柔道 東京五輪金メダルの髙藤直寿「柔道選手として一区切り」「すべてが私の青春」引退会見

東京オリンピック柔道男子60kg級で金メダルを獲得した髙藤直寿(32)が、所属するパーク24本社で行われた会見で「柔道選手として一区切りつけた」と引退を発表した。「今までたくさんの方々に支えてもらい、ここまでやり切ることができた。本当にありがとうございました」と感謝の思いを伝えた。
引退を決意した経緯について、髙藤は「(昨年の)講道館杯で負けたときに、(2028年)ロス五輪は厳しいだろうなと思い、自分自身諦めたくない気持ちはあったが、現状を見て無理だと思った。グランドスラムを見て後輩が勝った時に嬉しかったというのもあり、選手としては戦うべきではないと思った。あとはもう負けたくないっていう思いもあった」と率直に語った。
髙藤はリオ五輪(16年)で銅メダル、東京五輪(21年)では金メダルを獲得。パリ五輪での連覇に期待がかかっていたが、東海大学の後輩である永山竜樹(29)に代表選考で後れを取り、パリ五輪(24年)の出場を逃していた。
「パリ五輪に出られなかったときに、もうやめようかなと思い『引退』という言葉が出てきた。しかし、このまま終わっていいのかという葛藤と戦いながら、パリ五輪を現地で見てロス五輪を目指したいと思った。その気持ちだけでやってきたが、気持ちだけではどうにもできなかった」と、引退決断に至るまでの苦しい胸の内を明かした。
長年戦ってきたライバルである永山に対しては「永山選手がいなかったら東京五輪で勝てなかったと思う。(永山選手がいなかったら)そこまで熱くなれなかったと思うので感謝している」と感謝を口にした。
これまでの競技人生を「柔道を続けてこられた一瞬一瞬が今となっては思い出。当時は苦しいこともあったが、すべてが私の青春だった」と振り返った髙藤。今後は所属先で男子のコーチと女子のアドバイザーを務める。「目標は全員が強化選手に入ること。みんなの夢を叶えるサポートをしていきたい」と意気込んだ。

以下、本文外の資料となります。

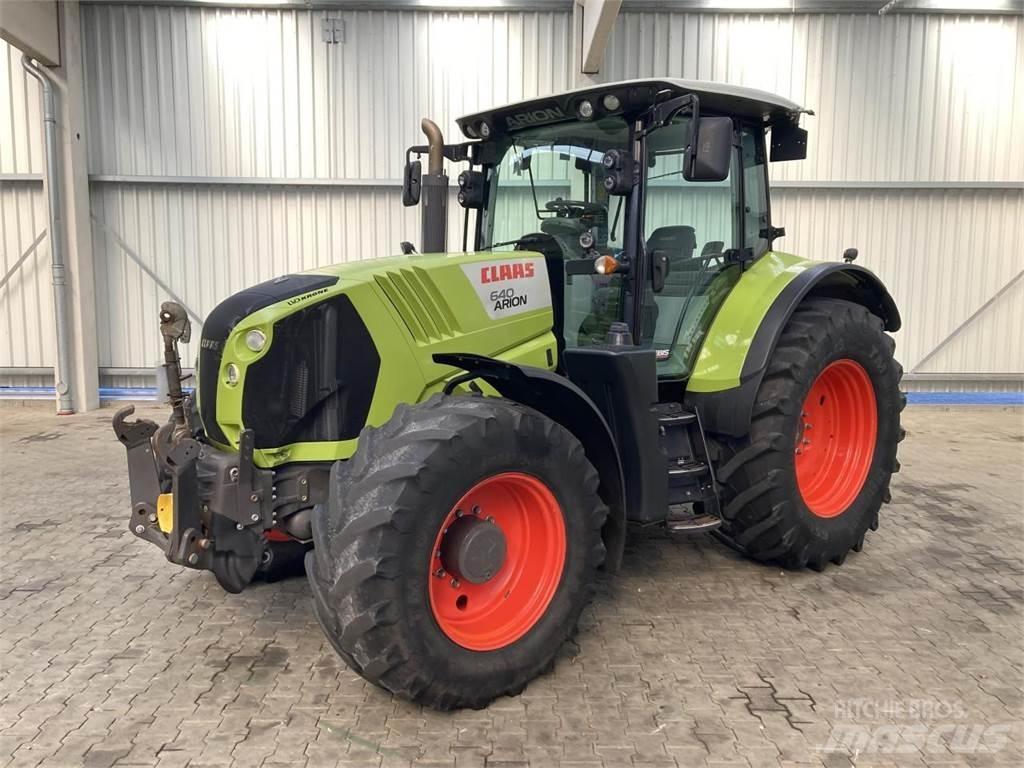CLAAS Arion 640 Traktorer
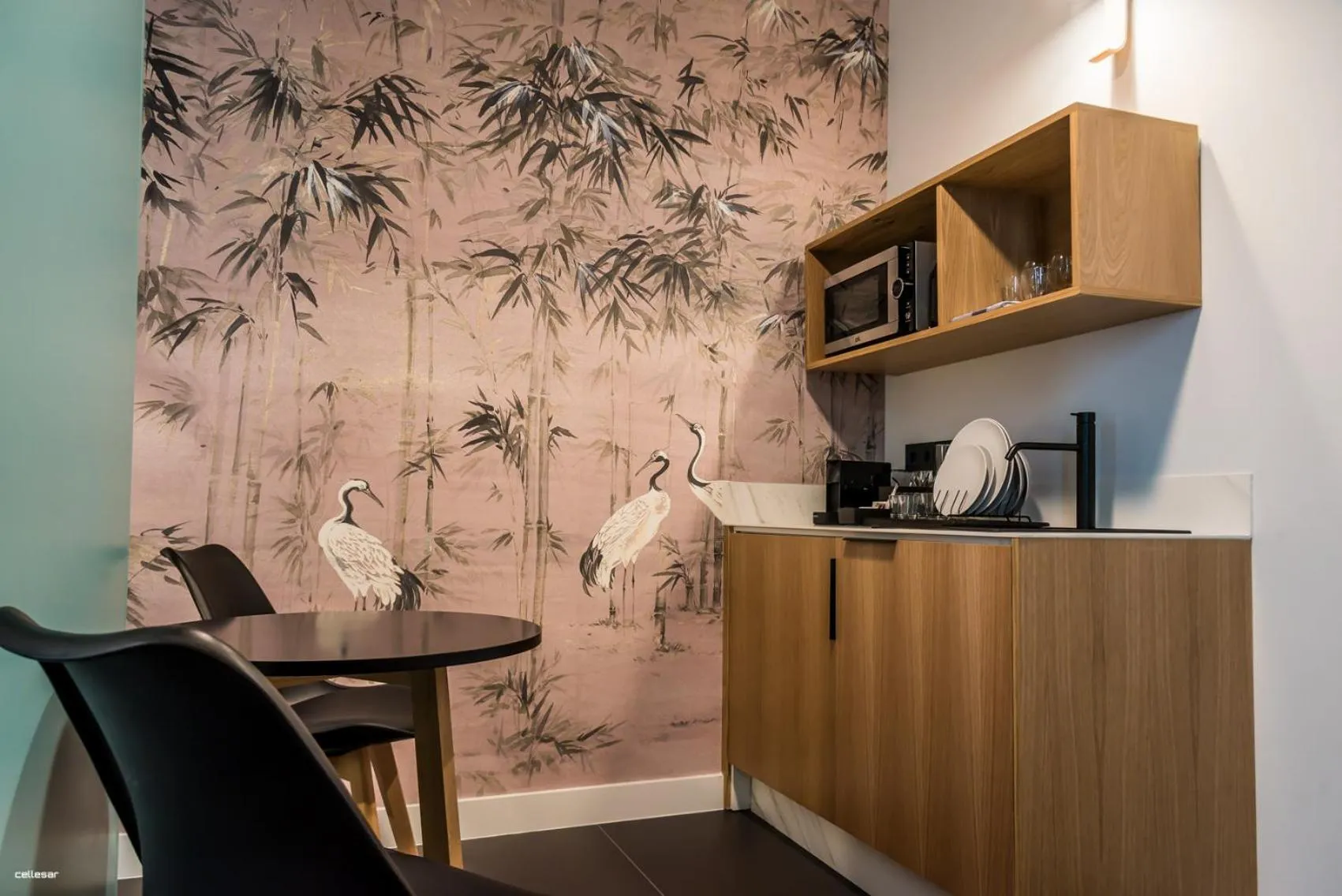 Coffee/tea facilities in Welldone Quality - Crystal pool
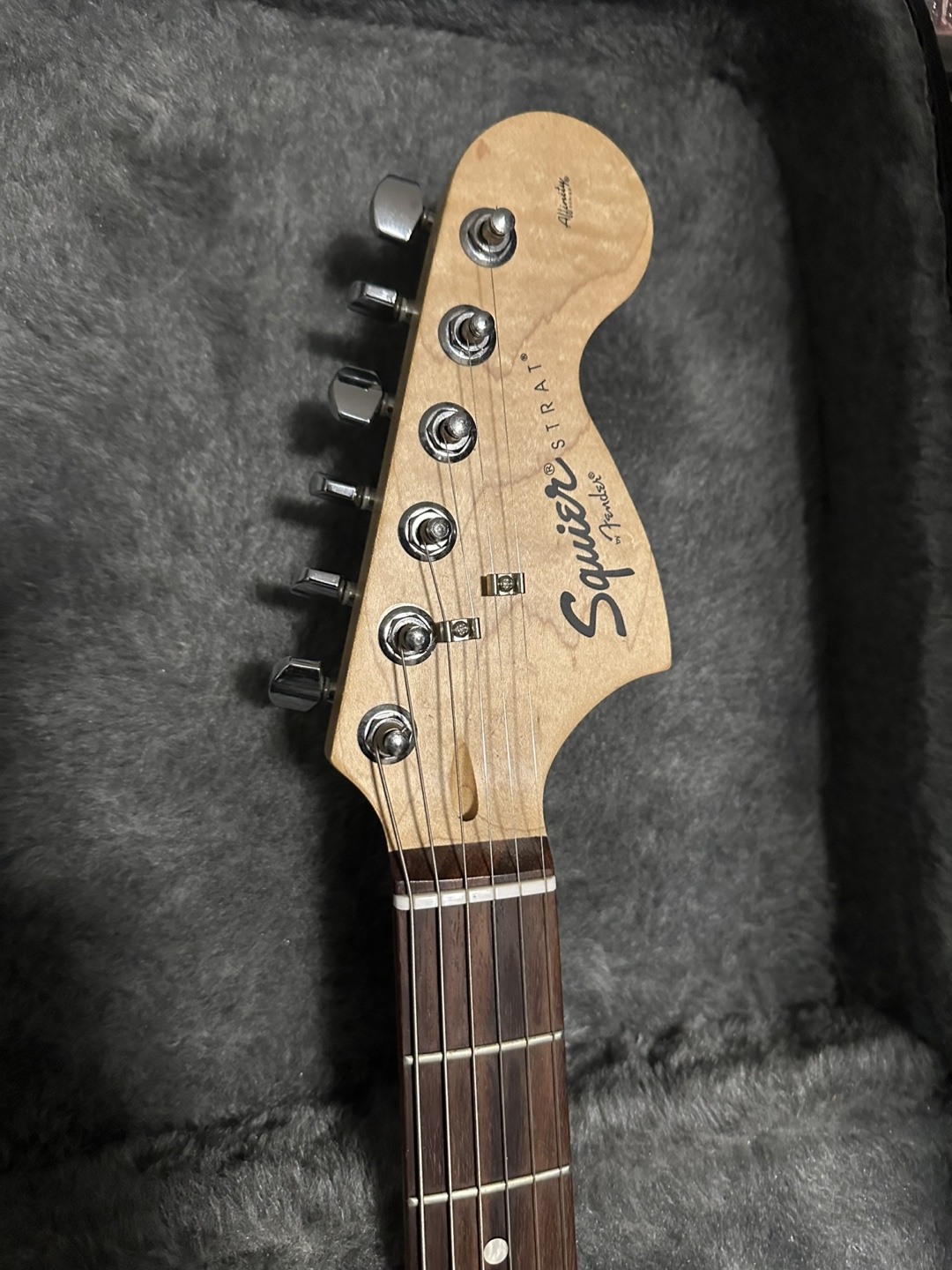 Squier Stratocaster Electric Guitar with Hard Case - photo 4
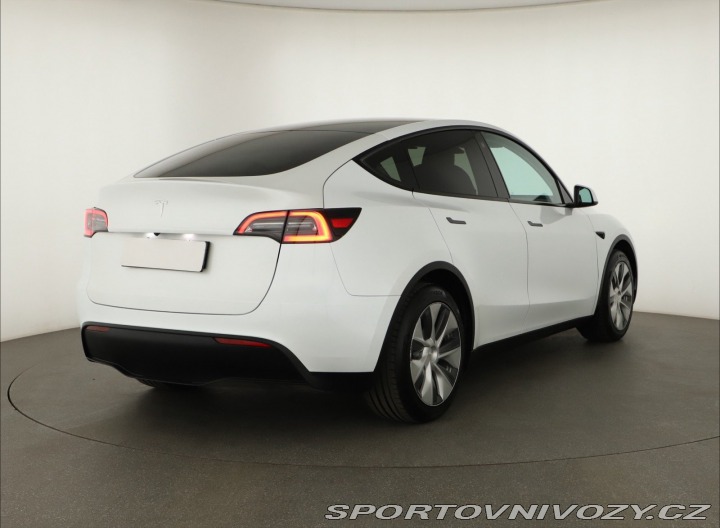 Tesla Model Y . RWD LFP 60kWh 2023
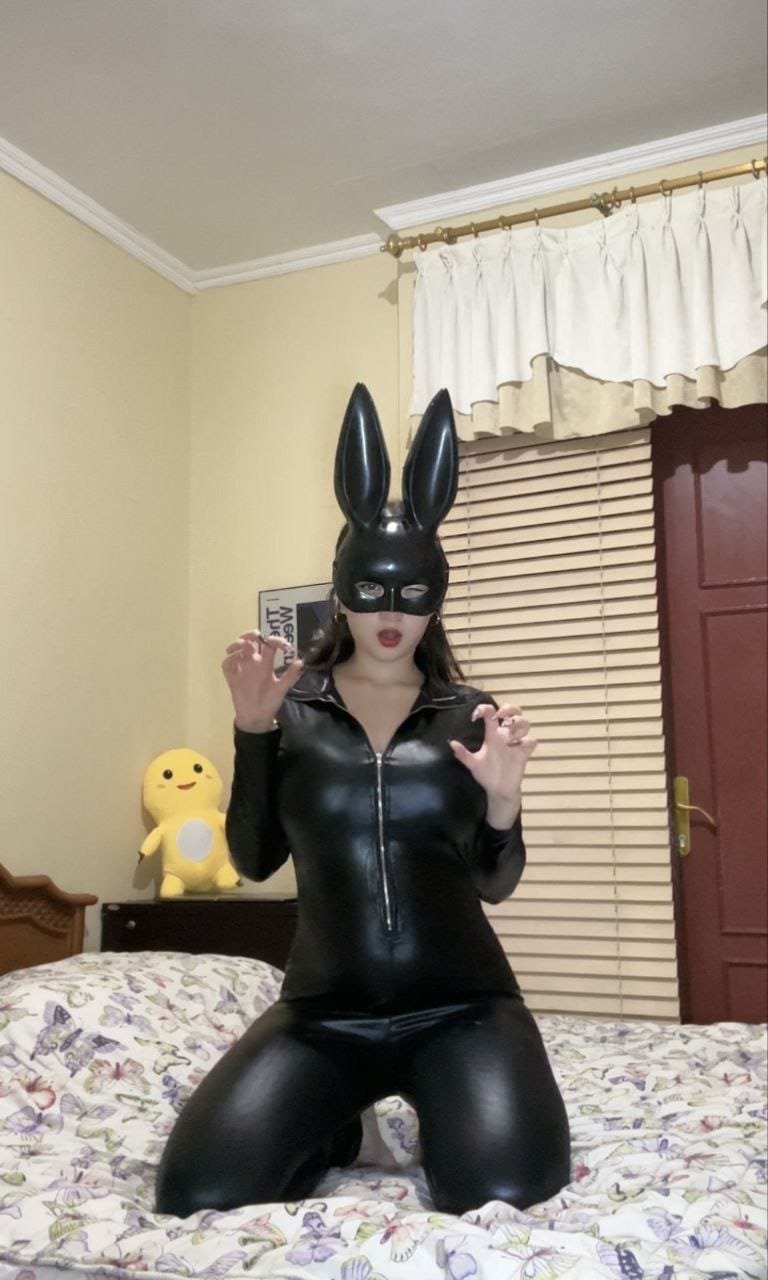 20+ Foto Exclusive Olivia Payten Black CAT Part 2!AWW 5 04.TELEGRAM@Mangjur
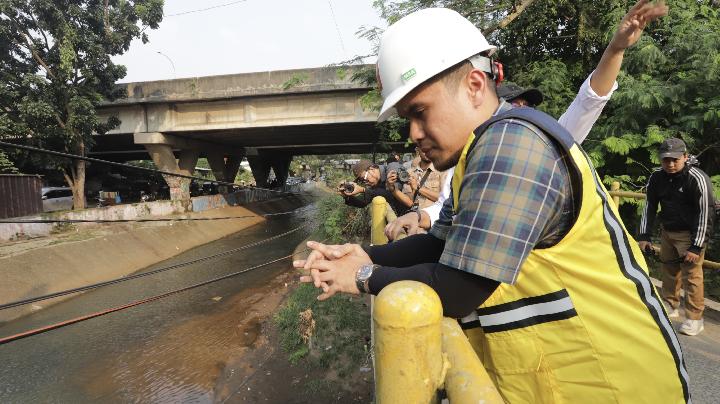Wakil Wali Kota Tangerang Selatang (Tangsel), Pilar Saga Ichsan meninjau saluran air di kawasan rawan banjir, Senin, 02 Juni 2025. Dok. Pemkot Tangsel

会見に同席した吉田秀彦総監督(56)は「よくパーク24に入ってきてくれた。同時にこんなやんちゃな奴が入って来るんだなという印象があった」と入部当時を振り返り、「会見を聞いていてすごく大人になった。人としても成長してくれた。これからはコーチとして髙藤2世を作っていってもらえたら」とエールを送った。